We reserve two states for all generators: the generator has completed successfully and the generator has been dropped. A generator should never be polled after either of these states is reached, and should never be able to get into any state we aren’t otherwise handling, so we panic if these are reached.

Drop

impl<'a> Drop for ManualGenerator<'a> {
    fn drop(&mut self) {
        match self.state {
            0 => unsafe {
                ptr::drop_in_place(self.data_1.as_mut_ptr());
            },
            1 => unsafe {
                ptr::drop_in_place(self.pinned_1.as_mut_ptr());
                ptr::drop_in_place(self.pad_1.as_mut_ptr());
                ptr::drop_in_place(self.data_1.as_mut_ptr());
            },
            2 => unsafe {
                ptr::drop_in_place(self.pinned_2.as_mut_ptr());
                ptr::drop_in_place(self.data_2.as_mut_ptr());
                ptr::drop_in_place(self.pad_1.as_mut_ptr());
                ptr::drop_in_place(self.data_1.as_mut_ptr());
            },
            -1 => { /* Everything already dropped in resume */ }
            -2 => panic!("ManualGenerator dropped twice"),
            _ => panic!("ManualGenerator dropped with invalid state"),
        }
        self.state = -2;
    }
}

Since we are using MaybeUninit for the fields we also need to implement Drop for our generator manually, the compiler generated drop glue will not do anything.

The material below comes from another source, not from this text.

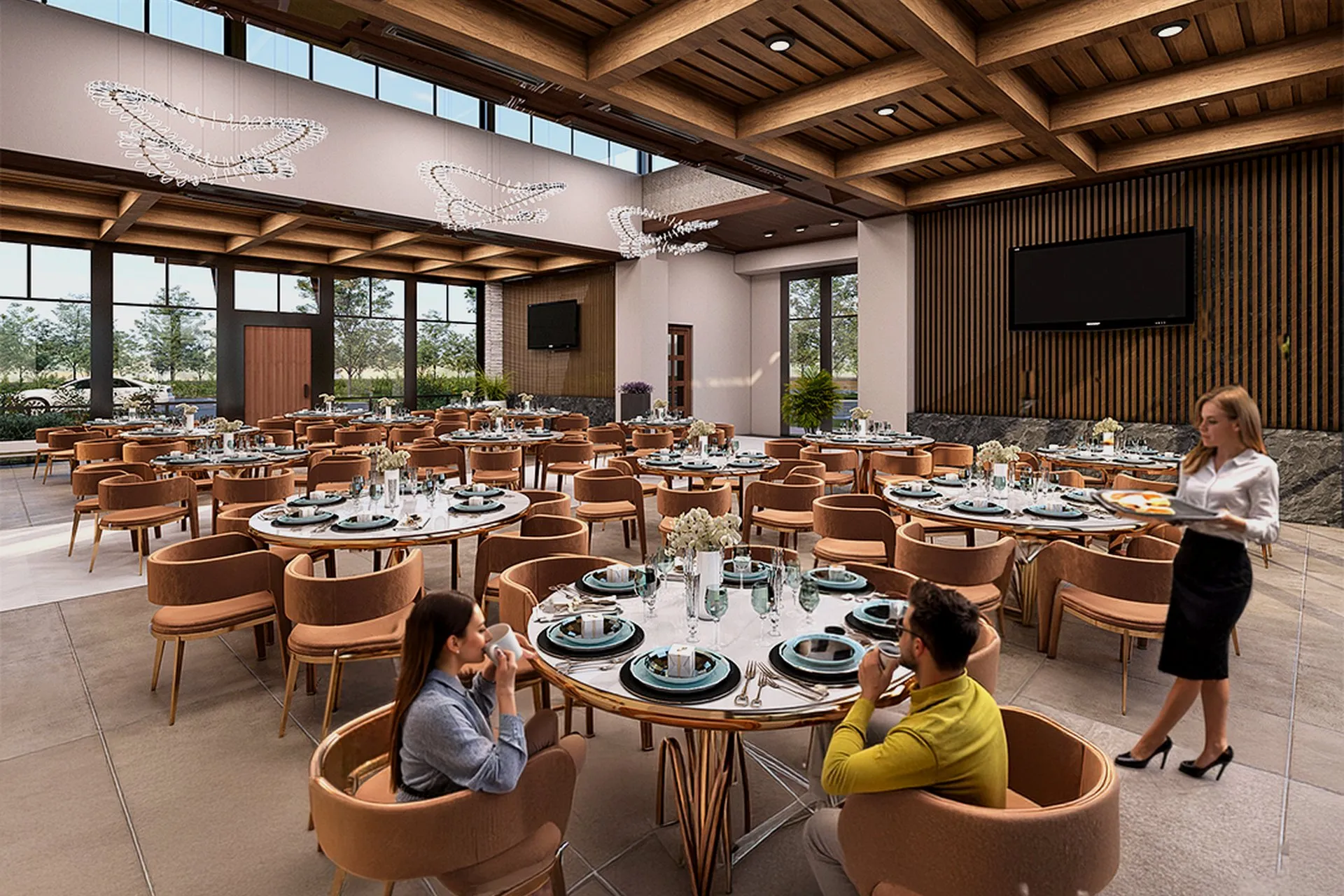 Celebration of Life Center — hospitality architectural visualization, view 2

We need to then check what state we are in and drop all the variables that are still alive, before finally marking ourselves as dropped.

ManualGenerator::new

impl<'a> ManualGenerator<'a> {
    fn new(data: &'a mut AsyncRead) -> Self {
        ManualGenerator {
            state: 0,
            data_1: MaybeUninit::new(data),
            pad_1: MaybeUninit::uninitialized(),
            pinned_1: MaybeUninit::uninitialized(),
            data_2: MaybeUninit::uninitialized(),
            pinned_2: MaybeUninit::uninitialized(),
        }
    }
}

Finally we need a way to construct the generator from the upvars, this doesn’t really get pulled out to a function in the real transform, but it’s easier to see what’s happening if it is here.